Did a quick search for the 2006 Western Motorhome show but did not come up with any current posts. Has anything been organised and if so can we add our names to the list?
Brian


----------



## hymmi (May 9, 2005)

Hi Jarcadia,

If you have a look on the rally list at the bottom of the home page and scroll through we are rallying there and already have six booked in,just add your name to the attendee's list on it and then book with Warners the link is there don't forget your £2 club discount just put MHF's in the club section,membership number doesn't apply to us when it asks for it,or book in MMM when you see it advertised in it.


----------



## jarcadia (May 1, 2005)

Thanks hymmi 
Thought I had looked everywhere on the site, never occurred to look on Home page.
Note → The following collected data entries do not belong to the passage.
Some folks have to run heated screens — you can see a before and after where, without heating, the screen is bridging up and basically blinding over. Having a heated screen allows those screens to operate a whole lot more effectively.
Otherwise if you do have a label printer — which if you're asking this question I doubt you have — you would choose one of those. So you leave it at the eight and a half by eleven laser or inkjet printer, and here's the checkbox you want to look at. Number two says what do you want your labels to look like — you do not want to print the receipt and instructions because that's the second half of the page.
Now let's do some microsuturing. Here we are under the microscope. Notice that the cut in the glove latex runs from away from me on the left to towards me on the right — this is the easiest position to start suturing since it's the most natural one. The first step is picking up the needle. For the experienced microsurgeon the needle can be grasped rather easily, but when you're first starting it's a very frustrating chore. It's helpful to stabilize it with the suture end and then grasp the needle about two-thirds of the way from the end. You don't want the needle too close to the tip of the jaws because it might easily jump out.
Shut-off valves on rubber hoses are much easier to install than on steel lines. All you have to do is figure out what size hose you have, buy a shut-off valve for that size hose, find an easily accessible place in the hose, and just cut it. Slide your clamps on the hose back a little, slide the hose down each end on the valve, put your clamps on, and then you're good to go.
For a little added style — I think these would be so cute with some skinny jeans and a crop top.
Will book with Warners tomorrow
Jarcadia (Brian)


----------



## tokkalosh (May 25, 2006)

High Brian & Jackie, 
Guess who!

Cannot decided between the Western Motorhome Show and the Balloon Festival in Bristol!
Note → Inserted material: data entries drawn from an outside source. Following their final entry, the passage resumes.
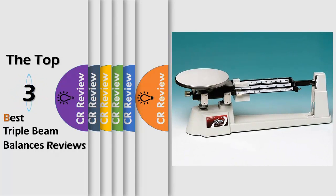Hello viewers, we have brought to you the top 3 best triple beam balances review powered by the CR Review.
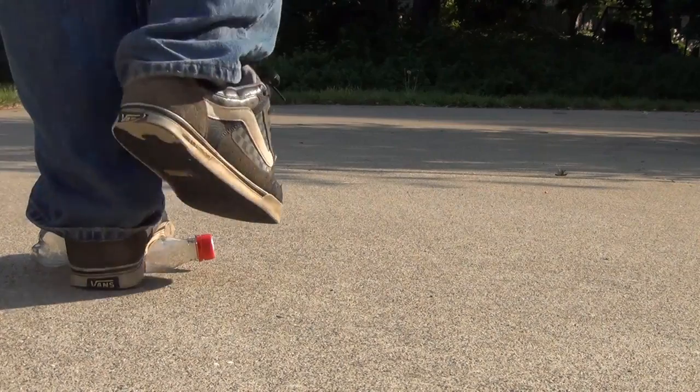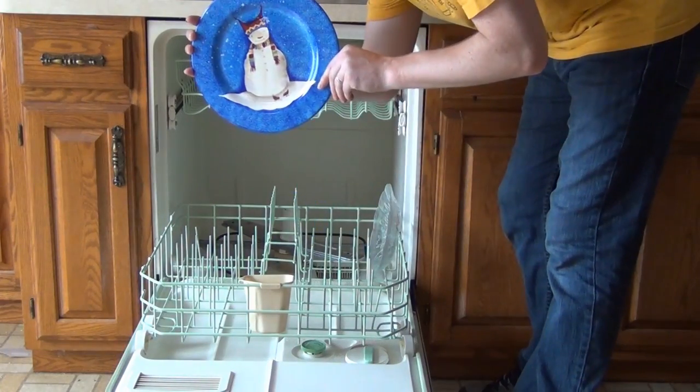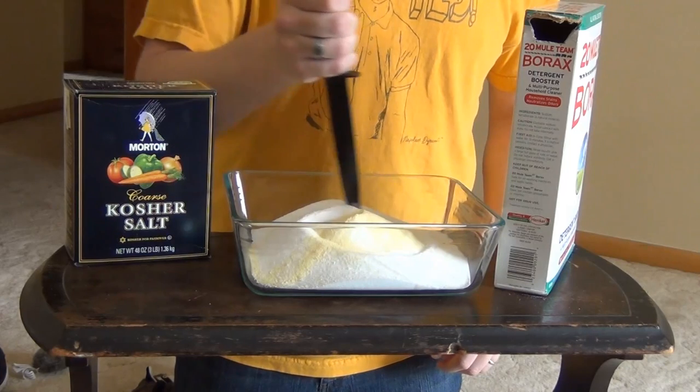Now go play with some plastic. If you enjoyed today's broadcast, please share it with someone. If you didn't, then don't. It's as simple as that.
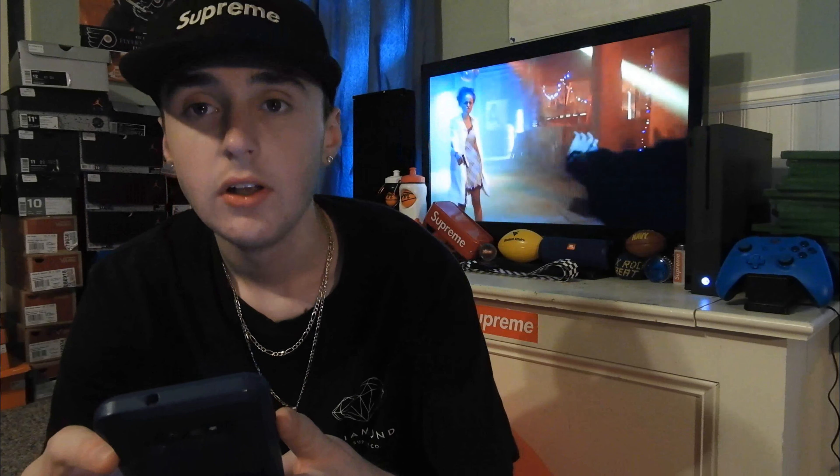Next up, we have the Supreme NFL Raiders 47 Short-Sleeve Top. The retail is $128. I'm not really a fan. I like the colors — my favorite would be the black, then the white, then the red.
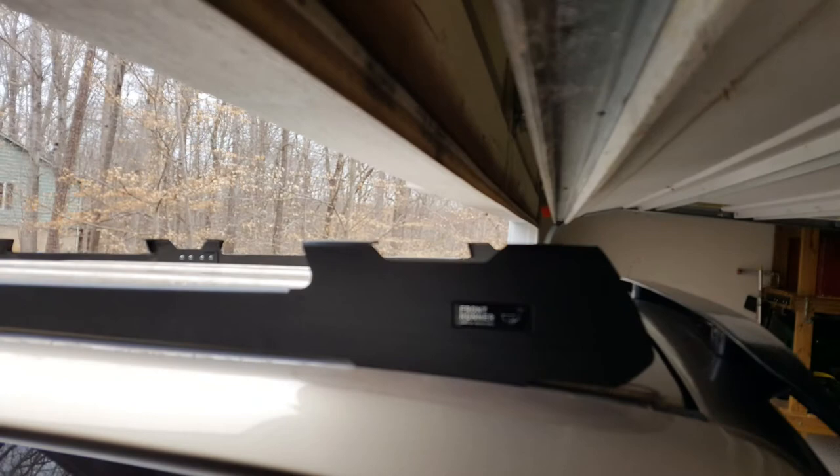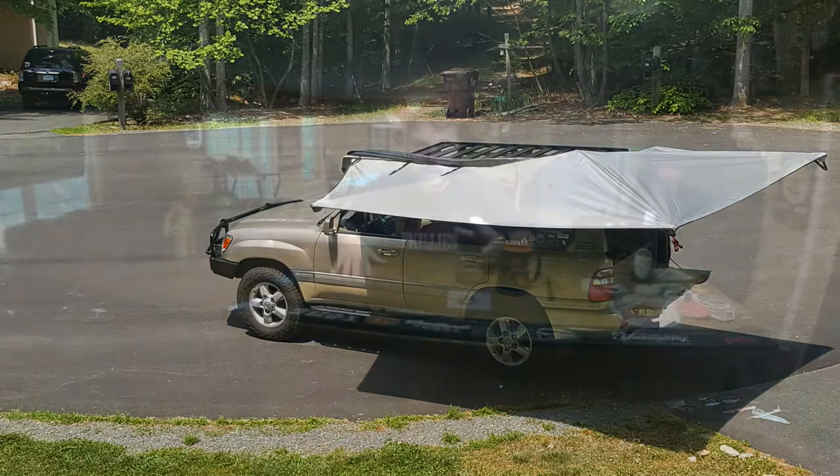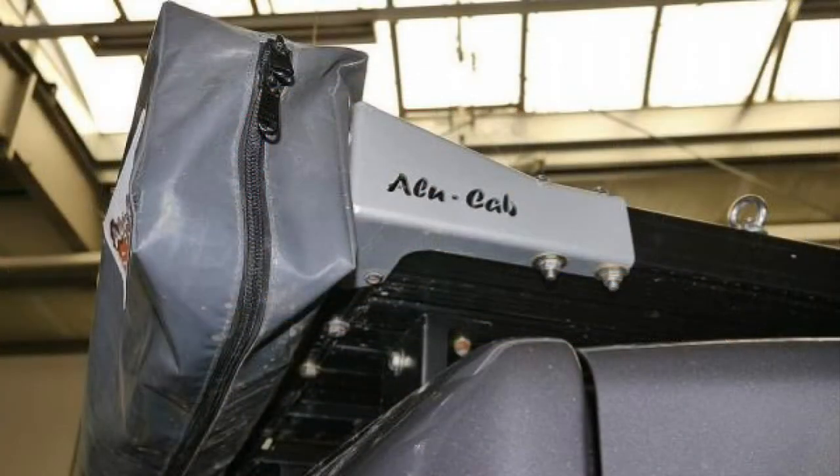One other thing I briefly considered — and you may want to as well — is the actual height of the rack. I was hoping I could still get the Cruiser into my garage even with the rack on. While we were looking at roof racks, we were also zeroing in on the Alu-Cab Shadow-on awning. That choice really steered us toward the Front Runner, because there are mounting brackets specifically made for the Shadow-on awning that mount directly to the Front Runner roof rack.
Might even catch up with you in France but not yet sure which dates I am going over.

Talk soon,


----------



## torquayite (May 1, 2005)

*western show at Malvern*

Hi All. Decided to come along to the Malvern show, and always like to save a few bob, so we will be joining the half dozen or so already booked in. 
Jean and Peter from Torquay. Oh, I didn't see anything about dogs, but our little poodle will certainly not stay at home without us. See you there.


----------



## badger (May 9, 2005)

We would love to attend, but its the same weekend as our own Blue Rodeo................No Contest.


----------